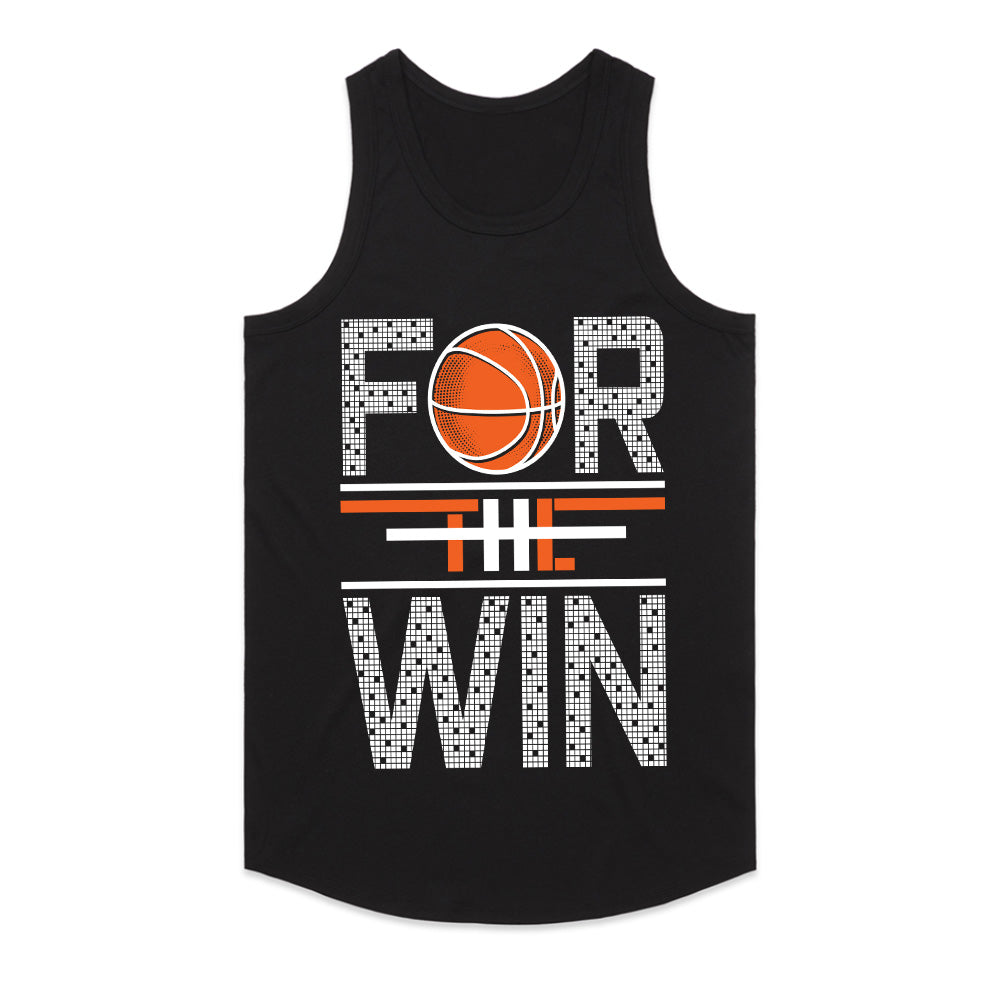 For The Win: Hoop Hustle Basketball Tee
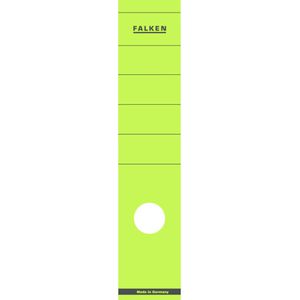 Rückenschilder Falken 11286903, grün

──────────

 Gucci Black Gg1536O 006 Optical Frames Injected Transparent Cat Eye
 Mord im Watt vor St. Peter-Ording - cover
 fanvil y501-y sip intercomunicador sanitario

──────────

# Try it
Which lines run from the one holding "Gucci Black Gg1536O" through the one holding "fanvil y501-y sip intercomunicador sanitario" in the records above? Repeat them exactly, both included, and nothing more.

# Written response
 Gucci Black Gg1536O 006 Optical Frames Injected Transparent Cat Eye
 Mord im Watt vor St. Peter-Ording - cover
 fanvil y501-y sip intercomunicador sanitario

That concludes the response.